The HMI ignites at maximum voltage and then decays at 0 voltage, over and over. We perceive this as continues light but obviously it is not. The film is exposed by 2 1/2 of these flashes.
Take a separate piece of paper and cut a hole in that is 2 and 1/2 flashes (humps) long. Slide it slowly along the sine wave you have drawn and try to imagine the variations in light level that will be produced as you expose different parts of the sine waves. This variation in light level is called HMI flicker. The faster the window is moved across the sine wave the more noticeable the flicker is.
Our challange is to keep the window from moving across the sine wave, or at least make it move so slowly that the change in exposure is not perceptable. This is done by controlling the camera and generator speed very precisely.

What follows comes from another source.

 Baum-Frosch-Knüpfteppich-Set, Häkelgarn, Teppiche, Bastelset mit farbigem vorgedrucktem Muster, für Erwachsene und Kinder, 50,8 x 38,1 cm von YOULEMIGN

Cameras, because of independant sound recording requirements, operate at an accuracy or 50 parts per million or better. They are locked in at 24 FPS and are not a problem.

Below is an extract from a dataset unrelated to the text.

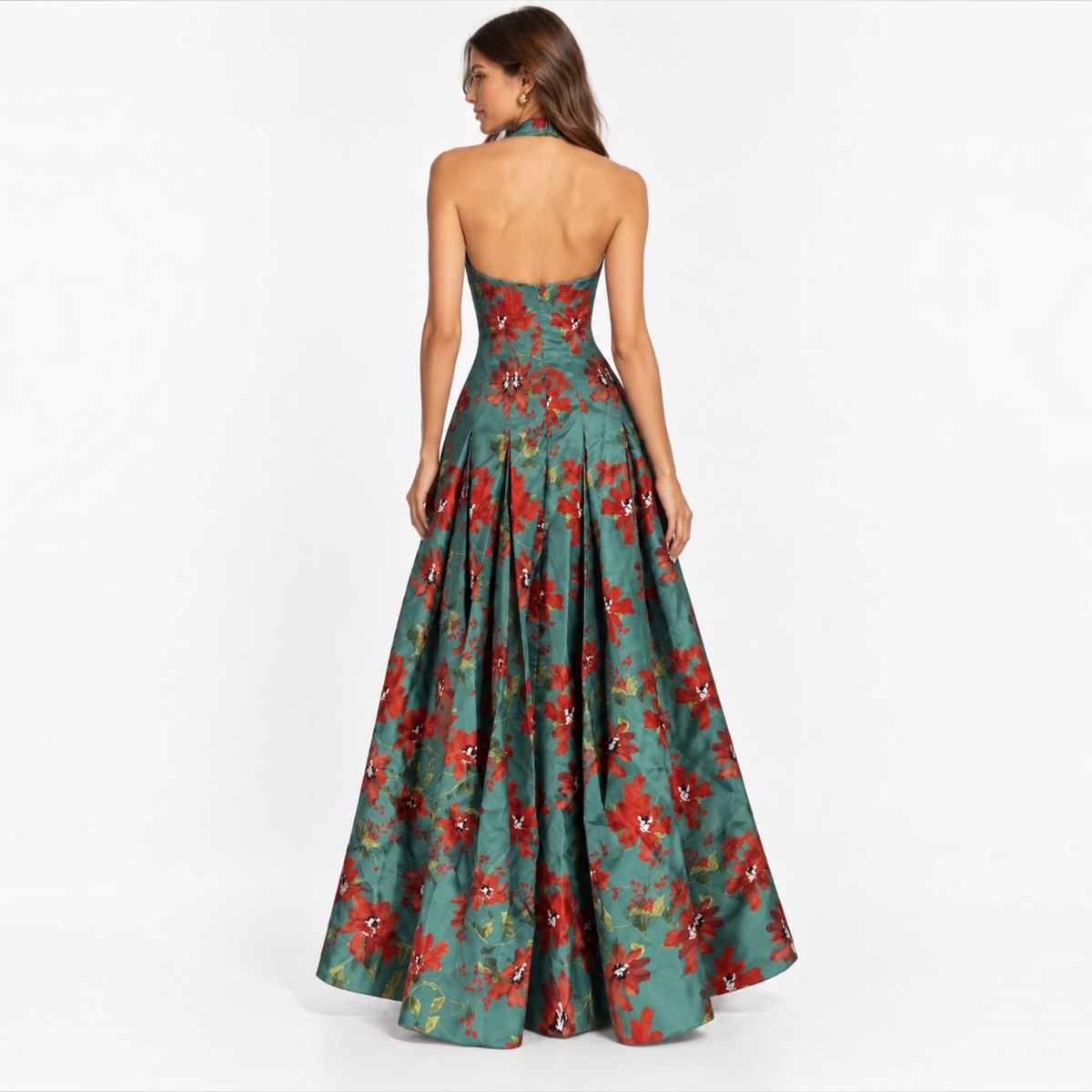 HUTCH Azure Romantic Vining Painted Floral Halter Maxi Gown Size Small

Generators are the weak link in this senario. We must control the frequency (engine rpm) to within plus and minus 2 tenths of a cycle from 60 HZ. (59.8 to 60.2) We do this with “precision speed controllers” but it requires everything in the system to be stable and operating perfectly. That is why generators are monitored so closely on sets.
PARALLELING or LOAD SHARING is where two or more generators are connected together so that they operate as one. The most common application is our national power grid that is made up of hundreds of individual generators all operating as one. The most common use in our industry is where 2 generators are connected to each to provide total redundancy for important projects like live events or live broadcasts. In this example each would be operating at no more than 50% of its capacity. Should one of the generators fail it would be knocked OFF LINE and the remaining generator would take up the load seamlessly.
To parallel two generators together they are first wired to a common buss, which is connected to the load. At this point both generators are separated from the common buss with an electrical switching devise like a breaker or contactor. The first generator is started and is connected to the buss or put ON LINE. At this point it is generally good to have a load on the buss. The second generator is then started and adjusted (manually or via electronics) so that the voltage, frequency and phase relationship are exactly the same as the first generator. The moment that all three are matched the second generator is put ON LINE. This connection can be manual or automatic, depending on the equipment you are using. From that point on the two sources will act as one. The voltage, frequency and phase will be locked together as if the two had a common crankshaft.
On LitePOWER generators the standard output panels can function as the common buss. LitePOWER generators that are equipped with the paralleling option come with a vacuum contactor to connect to the common buss. When purchasing a LitePOWER generator you can choose from any of the numerous electronic operating systems that are available.